- Fisker Automotive, maker of the exotic Karma plug-in hybrid sport sedan, reportedly laid off the majority of its workers today.
- The company still owes the federal government $192 million drawn from a 2009 alternative-energy loan.
- Company founder Henrik Fisker resigned last month.
ANAHEIM, California — Troubled Fisker Automotive reportedly fired almost all of its remaining staff this morning as the boutique maker of the premium Fisker Karma plug-in hybrid sedan struggles with rapidly mounting debt.
An unnamed source who attended Friday's termination meeting told the Reuters news service that about 160 employees are affected and that Fisker will retain about 53 senior managers and executives, primarily to pursue buyers for the company's assets.
Fisker, which owes the federal government $192 million from a widely promoted Department of Energy alternative-energy loan it received in 2009, has a $10-million payment on the loan due April 22.
The Anaheim, California-based plug-in hybrid electric carmaker has been without an income stream since the bankruptcy last summer of its only battery supplier, A123 Systems. There's been a string of woes since then, culminating in this morning's layoffs, which left only a skeleton crew according to one insider who was among those laid off.
Phones weren't being answered at the company's offices and messages left for Fisker Chief Executive Tony Posawatz and several of the company's media spokesmen had not been returned by publication deadline.
Company founder and former chairman Henrik Fisker (who resigned last month in a dispute with the automaker's board) could not be reached for comment.
Fisker builds an exotic $100,000-plus sports sedan that uses twin electric motors powered by a grid-rechargeable (plug-in) lithium-ion battery pack and an onboard four-cylinder turbocharged gasoline engine that serves as a generator to extend the car's range when the initial battery charge is depleted.
Using a contract automotive assembly firm in Finland, the company built and delivered several thousand of its initial model, the Fisker Karma, before shutting down production in July 2012 with the loss of battery supplier A123.

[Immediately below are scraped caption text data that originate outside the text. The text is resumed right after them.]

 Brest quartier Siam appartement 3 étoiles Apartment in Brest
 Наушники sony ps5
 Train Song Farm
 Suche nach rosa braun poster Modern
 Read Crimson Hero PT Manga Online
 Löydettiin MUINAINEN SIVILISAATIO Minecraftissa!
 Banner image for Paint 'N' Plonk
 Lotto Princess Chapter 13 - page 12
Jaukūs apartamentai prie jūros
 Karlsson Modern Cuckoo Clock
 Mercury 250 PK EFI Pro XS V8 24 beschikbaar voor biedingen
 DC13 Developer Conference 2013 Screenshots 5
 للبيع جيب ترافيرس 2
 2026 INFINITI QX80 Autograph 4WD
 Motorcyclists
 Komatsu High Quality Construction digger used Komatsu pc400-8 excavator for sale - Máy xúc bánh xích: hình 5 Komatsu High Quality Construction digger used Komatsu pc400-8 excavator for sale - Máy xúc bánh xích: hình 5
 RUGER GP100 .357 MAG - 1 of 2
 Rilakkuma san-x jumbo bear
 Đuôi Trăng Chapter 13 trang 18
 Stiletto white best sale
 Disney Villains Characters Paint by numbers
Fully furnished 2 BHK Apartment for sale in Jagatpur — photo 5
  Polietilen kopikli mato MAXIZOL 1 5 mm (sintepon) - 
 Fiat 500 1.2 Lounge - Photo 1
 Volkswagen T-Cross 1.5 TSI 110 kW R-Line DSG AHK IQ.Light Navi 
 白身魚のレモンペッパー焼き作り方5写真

As efforts to find new investors floundered late last month, Fisker hired the bankruptcy law firm of Kirkland & Ellis to prepare for a possible reorganization filing, a filing that is looking to be closer to reality.
Fisker reportedly has only about $30 million in cash left in its coffers, plus $15 million due from a recent court settlement with the bankruptcy estate of A123.
The automaker at one time looked to be a success story in the tumultuous world of advanced-technology automotive start-ups. It succeeded over a few short years in raising $1.2 billion in private capital, snagged a $529-million loan guarantee from the DOE and acquired a shuttered General Motors plant in Delaware to use as a U.S. production facility.
But Fisker experienced multiple delays in getting its first cars into production, was stung by reports of several fires that destroyed customers' $100,000-plus vehicles, faced two recalls for faulty batteries and wiring, lost several hundred cars to storm damage during Hurricane Sandy and lost its only battery supplier in July when A123 went under.
Because of its production delays with the Karma and with getting the Delaware factory ready for its proposed second plug-in vehicle, the Fisker Atlantic, the company also last year lost access to funding from the federal loan after pulling down $192 million of the $529 million.
Henrik Fisker resigned last month, reportedly over a disagreement regarding the board's intent to sell controlling interest in the company to a Chinese bidder if one could be found. Fisker reportedly told acquaintances he would have lost all input had that happened.
Several prospective Chinese deals apparently have fallen apart, though. Automaker Zhejiang Geeley Group, owner of Volvo Cars, reportedly pulled out of talks in part because it felt that Fisker's federal loan would complicate investment by a Chinese firm. Another Chinese company reported to have been interested in Fisker, the state-controlled Dongfeng Motor Group, withdrew over concerns about the costs involved in rescuing the company, according to analyst reports.
Edmunds says: If bankruptcy turns out to be Fisker's next move, the results could be interesting. The company pledged its property and intellectual assets to the Energy Department as loan collateral.